Department of Medicine, Unit of Computational Medicine, Karolinska Institutet, Center for Molecular Medicine, Karolinska University Hospital, Solna, Stockholm, Sweden.
Pediatr Res. 2013 Apr;73(4 Pt 2):508-13. doi: 10.1038/pr.2013.19. Epub 2013 Jan 31.

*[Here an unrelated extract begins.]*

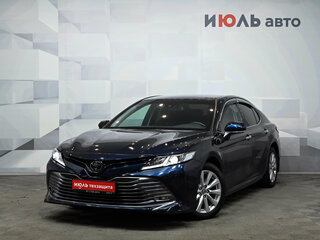 2019 Toyota Camry VIII (XV70), синий, 2990000 рублей, вид 1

Medicine and pediatrics are changing and health care is moving from being reactive to becoming preventive. Despite rapid developments of new technologies for molecular profiling and systems analysis of diseases, significant hurdles remain. Here, we use the clinical setting of congenital heart block (CHB) to uncover and illustrate key informatics challenges impeding the development of a systems medicine approach emphasizing the prevention and prediction of disease. We find that there is a paucity of useful bioinformatics tools enabling the integrative analysis of different databases of molecular information and clinical sources in a disease context such as CHB, contrasting with the current emphasis on developing bioinformatics tools for the analysis of individual data types. Moreover, informatics solutions for managing data, such as the Integrating Biology and the Bedside (i2b2) or Stanford Translational Research Integrated Database Environment, require serious software engineering support for the maintenance and import of data beyond the capabilities of clinicians working with CHB. Hence, there is an urgent unmet need for user-friendly tools facilitating the integrative analysis and management of omics data and clinical information. Pediatrics represents an untapped potential to execute such a systems medicine program in close collaboration with clinicians and families who are keen to do what is needed for their children to prevent and predict diseases and nurture wellness.
医学和儿科学正在发生变化,医疗保健正从被动反应转变为主动预防。尽管疾病的分子谱分析和系统分析的新技术发展迅速,但仍存在重大障碍。在这里,我们以先天性心脏阻滞 (CHB) 的临床环境为例,揭示并说明了阻碍系统医学方法发展的关键信息学挑战,该方法强调预防和预测疾病。我们发现,缺乏有用的生物信息学工具来整合分析 CHB 等疾病背景下不同的分子信息数据库和临床来源,这与当前强调开发用于分析单个数据类型的生物信息学工具形成鲜明对比。此外,用于管理数据的信息学解决方案,如整合生物学和床边 (i2b2) 或斯坦福转化研究综合数据库环境,需要严重的软件工程支持,以便在 CHB 临床医生的能力之外维护和导入数据。因此,迫切需要用户友好的工具来促进组学数据和临床信息的整合分析和管理。儿科学代表了一种潜力,它可以与热衷于为其子女预防和预测疾病以及培养健康所需的临床医生和家庭密切合作,执行这样的系统医学计划。